I am new to SSIS and have a pair of questions

  1. I want to transfer 1,25,000 rows from one table to another in the same database. But When I use Data Flow Task, it is taking too much time. I tried using an ADO NET Destination as well as an OLE DB Destination but the performance was unacceptable. When I wrote the equivalent query inside an Execute SQL Task it provided acceptable performance. Why is such a difference in performance.

    INSERT INTO table1 select * from table2

  2. Based on the first observation, I changed my package. It is exclusively composed of Execute SQL Tasks either with a direct query or with a stored procedure. If I can solve my problem using only the Execute SQL Task, then why would one use SSIS as so many documents and articles indicate. I have seen as it's reliable, easy to maintain and comparatively fast.

Hadi
  • 36,233
  • 13
  • 65
  • 124
Teju MB
  • 1,333
  • 5
  • 20
  • 37
  • Have you tried breaking the transfer into blocks, e.g. 10K rows at a time? Logging can be traumatic for large single operations. – HABO Apr 24 '13 at 02:38
  • while using the dataflow task, it itself breaks the row amount into 10k partition and then insert, is this the cause to slow down? – Teju MB Apr 24 '13 at 02:59
  • 3
    Did you select 'fast load' in the oledb destination? – Maximus Apr 24 '13 at 04:54
  • yeah i have used the fast load also. But after reading the answer posted by billinkc, i let it remain with all of Execute SQL task and run it through the SQL Agent. I am now satisfied ! – Teju MB Apr 24 '13 at 06:00
  • While this is an old thread, I recently ran into this. I had 'Lookup' tasks that executed poorly on two systems versus two others.
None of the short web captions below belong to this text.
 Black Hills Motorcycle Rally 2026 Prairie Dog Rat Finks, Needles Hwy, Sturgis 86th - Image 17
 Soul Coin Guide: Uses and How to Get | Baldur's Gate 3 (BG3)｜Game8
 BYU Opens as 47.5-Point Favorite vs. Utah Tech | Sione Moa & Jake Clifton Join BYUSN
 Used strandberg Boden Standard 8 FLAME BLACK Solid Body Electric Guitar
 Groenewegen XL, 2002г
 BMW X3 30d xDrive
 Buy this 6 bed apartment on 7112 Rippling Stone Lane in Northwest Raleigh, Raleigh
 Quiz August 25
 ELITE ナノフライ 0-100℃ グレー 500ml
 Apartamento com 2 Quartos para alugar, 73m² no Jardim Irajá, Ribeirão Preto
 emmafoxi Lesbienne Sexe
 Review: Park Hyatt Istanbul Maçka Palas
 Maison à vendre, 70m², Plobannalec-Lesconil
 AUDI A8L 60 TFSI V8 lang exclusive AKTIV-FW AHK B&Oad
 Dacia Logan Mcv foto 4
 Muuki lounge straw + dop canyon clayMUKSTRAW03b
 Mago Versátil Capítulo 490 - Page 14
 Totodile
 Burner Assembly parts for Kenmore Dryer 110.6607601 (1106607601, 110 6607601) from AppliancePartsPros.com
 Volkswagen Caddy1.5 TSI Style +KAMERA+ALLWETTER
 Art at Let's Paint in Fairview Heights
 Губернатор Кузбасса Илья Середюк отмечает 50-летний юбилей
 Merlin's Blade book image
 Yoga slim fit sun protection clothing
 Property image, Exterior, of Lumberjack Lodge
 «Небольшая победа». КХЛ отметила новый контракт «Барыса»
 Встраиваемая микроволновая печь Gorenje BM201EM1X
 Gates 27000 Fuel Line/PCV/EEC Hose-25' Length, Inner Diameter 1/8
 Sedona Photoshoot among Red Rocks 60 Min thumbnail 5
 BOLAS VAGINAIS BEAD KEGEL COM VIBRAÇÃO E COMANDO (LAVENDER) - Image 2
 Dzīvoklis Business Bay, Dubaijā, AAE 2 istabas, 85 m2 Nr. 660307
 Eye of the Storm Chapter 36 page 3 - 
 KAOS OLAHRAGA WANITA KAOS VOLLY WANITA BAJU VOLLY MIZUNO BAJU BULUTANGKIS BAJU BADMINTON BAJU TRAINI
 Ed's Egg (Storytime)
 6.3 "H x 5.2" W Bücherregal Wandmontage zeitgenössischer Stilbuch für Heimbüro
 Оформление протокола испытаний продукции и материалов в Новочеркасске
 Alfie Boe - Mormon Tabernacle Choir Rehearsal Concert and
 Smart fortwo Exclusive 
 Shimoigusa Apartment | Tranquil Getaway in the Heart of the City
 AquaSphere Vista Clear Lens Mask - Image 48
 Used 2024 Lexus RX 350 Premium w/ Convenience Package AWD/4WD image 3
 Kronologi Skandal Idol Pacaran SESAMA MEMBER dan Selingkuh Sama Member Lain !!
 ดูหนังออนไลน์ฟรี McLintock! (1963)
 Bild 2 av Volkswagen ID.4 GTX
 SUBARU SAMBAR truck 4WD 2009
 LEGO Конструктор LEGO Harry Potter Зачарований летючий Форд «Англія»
Likely one of the reasons outlined below but I solved it by refactoring all of the lookups into SQL Tasks that used a combination of JOINS and CTE. I shaved 30+ hours for the first bulk run down to 6 hours. Huge win. Only where the data flow added columns did I leave those in place. – D-Klotz Nov 19 '21 at 14:31

2 Answers2

29

Difference in performance

There are many things that could cause the performance of a "straight" data flow task and the equivalent Execute SQL Task.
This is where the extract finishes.